## [Requirement]
Reproduce the data word for word, keeping every line complete.

>>>

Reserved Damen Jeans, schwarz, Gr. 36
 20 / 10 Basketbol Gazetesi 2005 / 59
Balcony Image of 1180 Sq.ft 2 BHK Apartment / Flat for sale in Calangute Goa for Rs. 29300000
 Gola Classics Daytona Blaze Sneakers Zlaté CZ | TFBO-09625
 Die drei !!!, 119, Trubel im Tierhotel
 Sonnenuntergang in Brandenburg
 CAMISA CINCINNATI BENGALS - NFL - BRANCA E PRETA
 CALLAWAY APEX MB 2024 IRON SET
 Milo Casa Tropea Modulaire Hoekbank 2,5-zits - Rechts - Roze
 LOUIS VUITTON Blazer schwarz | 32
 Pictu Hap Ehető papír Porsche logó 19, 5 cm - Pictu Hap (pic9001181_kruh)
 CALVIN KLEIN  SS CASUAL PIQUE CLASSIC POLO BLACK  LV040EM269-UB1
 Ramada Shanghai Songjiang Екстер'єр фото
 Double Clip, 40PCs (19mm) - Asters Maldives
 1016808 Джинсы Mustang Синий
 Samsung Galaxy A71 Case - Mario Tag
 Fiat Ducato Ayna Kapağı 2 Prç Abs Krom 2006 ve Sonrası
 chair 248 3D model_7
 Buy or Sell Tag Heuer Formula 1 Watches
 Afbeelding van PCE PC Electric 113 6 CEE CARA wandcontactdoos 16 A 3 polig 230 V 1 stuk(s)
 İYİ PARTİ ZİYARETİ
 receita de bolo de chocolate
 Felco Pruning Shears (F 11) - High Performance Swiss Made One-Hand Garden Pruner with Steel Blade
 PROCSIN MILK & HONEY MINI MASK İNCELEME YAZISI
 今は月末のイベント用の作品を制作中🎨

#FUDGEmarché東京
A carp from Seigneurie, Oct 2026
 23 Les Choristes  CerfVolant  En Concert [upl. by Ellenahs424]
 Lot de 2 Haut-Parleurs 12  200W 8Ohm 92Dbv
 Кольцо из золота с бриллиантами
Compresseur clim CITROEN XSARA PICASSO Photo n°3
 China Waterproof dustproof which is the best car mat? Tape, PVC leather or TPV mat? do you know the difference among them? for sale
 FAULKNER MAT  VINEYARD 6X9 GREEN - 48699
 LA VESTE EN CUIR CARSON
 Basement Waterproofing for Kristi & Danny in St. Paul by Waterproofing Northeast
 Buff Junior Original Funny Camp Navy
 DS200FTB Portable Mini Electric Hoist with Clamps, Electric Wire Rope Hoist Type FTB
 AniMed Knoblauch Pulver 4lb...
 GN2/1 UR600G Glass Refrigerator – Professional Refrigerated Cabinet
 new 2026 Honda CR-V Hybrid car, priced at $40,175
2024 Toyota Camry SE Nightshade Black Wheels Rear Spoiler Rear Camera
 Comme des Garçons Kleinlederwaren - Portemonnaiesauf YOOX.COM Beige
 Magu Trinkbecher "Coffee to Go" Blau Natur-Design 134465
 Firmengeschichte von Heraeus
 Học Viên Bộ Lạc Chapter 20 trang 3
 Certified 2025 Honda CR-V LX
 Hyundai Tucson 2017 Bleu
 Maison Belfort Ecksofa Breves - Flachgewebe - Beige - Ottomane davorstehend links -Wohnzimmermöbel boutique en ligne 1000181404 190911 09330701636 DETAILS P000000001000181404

<<<

## [Response area]
Reserved Damen Jeans, schwarz, Gr. 36
 20 / 10 Basketbol Gazetesi 2005 / 59
Balcony Image of 1180 Sq.ft 2 BHK Apartment / Flat for sale in Calangute Goa for Rs. 29300000
 Gola Classics Daytona Blaze Sneakers Zlaté CZ | TFBO-09625
 Die drei !!!, 119, Trubel im Tierhotel
 Sonnenuntergang in Brandenburg
 CAMISA CINCINNATI BENGALS - NFL - BRANCA E PRETA
 CALLAWAY APEX MB 2024 IRON SET
 Milo Casa Tropea Modulaire Hoekbank 2,5-zits - Rechts - Roze
 LOUIS VUITTON Blazer schwarz | 32
 Pictu Hap Ehető papír Porsche logó 19, 5 cm - Pictu Hap (pic9001181_kruh)
 CALVIN KLEIN  SS CASUAL PIQUE CLASSIC POLO BLACK  LV040EM269-UB1
 Ramada Shanghai Songjiang Екстер'єр фото
 Double Clip, 40PCs (19mm) - Asters Maldives
 1016808 Джинсы Mustang Синий
 Samsung Galaxy A71 Case - Mario Tag
 Fiat Ducato Ayna Kapağı 2 Prç Abs Krom 2006 ve Sonrası
 chair 248 3D model_7
 Buy or Sell Tag Heuer Formula 1 Watches
 Afbeelding van PCE PC Electric 113 6 CEE CARA wandcontactdoos 16 A 3 polig 230 V 1 stuk(s)
 İYİ PARTİ ZİYARETİ
 receita de bolo de chocolate
 Felco Pruning Shears (F 11) - High Performance Swiss Made One-Hand Garden Pruner with Steel Blade
 PROCSIN MILK & HONEY MINI MASK İNCELEME YAZISI
 今は月末のイベント用の作品を制作中🎨

#FUDGEmarché東京
A carp from Seigneurie, Oct 2026
 23 Les Choristes  CerfVolant  En Concert [upl. by Ellenahs424]
 Lot de 2 Haut-Parleurs 12  200W 8Ohm 92Dbv
 Кольцо из золота с бриллиантами
Compresseur clim CITROEN XSARA PICASSO Photo n°3
 China Waterproof dustproof which is the best car mat? Tape, PVC leather or TPV mat? do you know the difference among them? for sale
 FAULKNER MAT  VINEYARD 6X9 GREEN - 48699
 LA VESTE EN CUIR CARSON
 Basement Waterproofing for Kristi & Danny in St. Paul by Waterproofing Northeast
 Buff Junior Original Funny Camp Navy
 DS200FTB Portable Mini Electric Hoist with Clamps, Electric Wire Rope Hoist Type FTB
 AniMed Knoblauch Pulver 4lb...
 GN2/1 UR600G Glass Refrigerator – Professional Refrigerated Cabinet
 new 2026 Honda CR-V Hybrid car, priced at $40,175
2024 Toyota Camry SE Nightshade Black Wheels Rear Spoiler Rear Camera
 Comme des Garçons Kleinlederwaren - Portemonnaiesauf YOOX.COM Beige
 Magu Trinkbecher "Coffee to Go" Blau Natur-Design 134465
 Firmengeschichte von Heraeus
 Học Viên Bộ Lạc Chapter 20 trang 3
 Certified 2025 Honda CR-V LX
 Hyundai Tucson 2017 Bleu
 Maison Belfort Ecksofa Breves - Flachgewebe - Beige - Ottomane davorstehend links -Wohnzimmermöbel boutique en ligne 1000181404 190911 09330701636 DETAILS P000000001000181404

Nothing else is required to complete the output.